This is a sample assignment.
Solutions are available as a plain ASCII file.
Consider a system with four page frames and a program that uses eight pages. Consider the reference string 0 1 7 2 0 3 1 7 0 1 7 and assume that all four page frames are initially empty. Consider the three following algorithms:
a. Optimal page replacement
b. FIFO page replacement
c. LRU page replacement
In each cases show a diagram (ASCII art recommended) that shows which pages are in which frames throughout time, and page faults at the bottom. For instance:
| 0 1 7 2 . . .
-------------------------
0 | 0 0 0 0 . . .
1 | - 1 1 1 . . .
2 | - - 7 7 . . .
3 | - - - 2 . . .
-------------------------
f | X X X X . . .would mean that at step 1 page 0 is referenced and loaded into frame 0, which is a page fault; then page 1 is referenced, and so on. The goal is to fill this table to see what in memory when and thus infer the number of page faults.
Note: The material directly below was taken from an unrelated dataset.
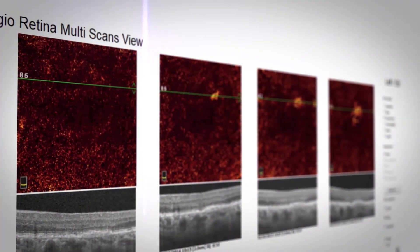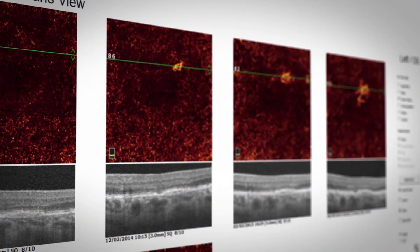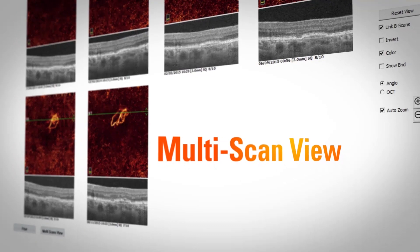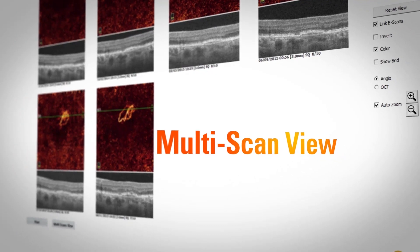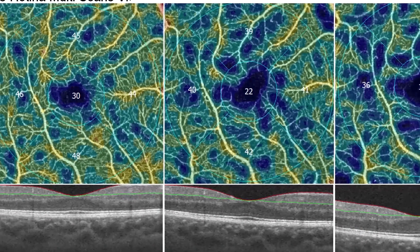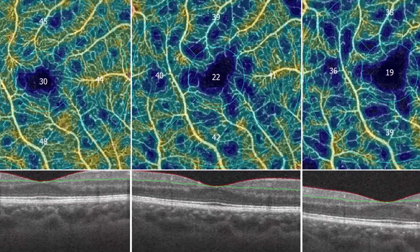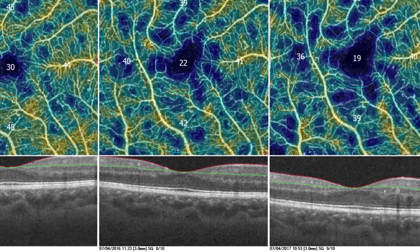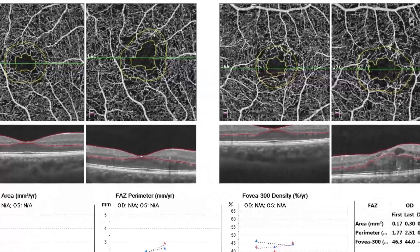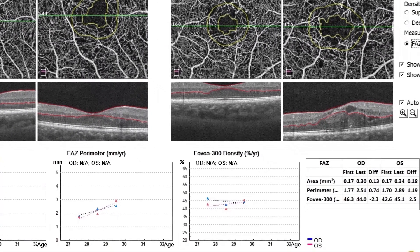Gain new insights into chronic diseases of the retina and optic disc with AngioView's Multi-Scan View and Trend Analysis reports. Multi-Scan View visualizes visit-to-visit change with predefined en face OCT slabs, based on anatomically consistent boundaries across subjects and visits.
The first 4 steps are ALWAYS the same, as above (i.e., just fill the four frames, with one page fault each time)
Consider a system that implements demand paging without a TLB. The single-level page table is held in memory, and we assume that there are no free frames. Each memory access requires 100 nanoseconds. It takes 6 additional milliseconds to handle a page fault if the victim page is not “dirty” or 12 additional milliseconds if the victim page is “dirty”.
Experiments show that the probability of page faulting is 0.00003 (i.e., 0.003% chance) and that the average memory access time is 400ns. What is the percent chance that a page is dirty at the time it is evicted?
Show your work.
Hint: Call the “being dirty” probability d and write a simple equation that gives the average data access time as a function of d. Solve for d (the result should be a number between 0 and 1, which you then convert to a percentage).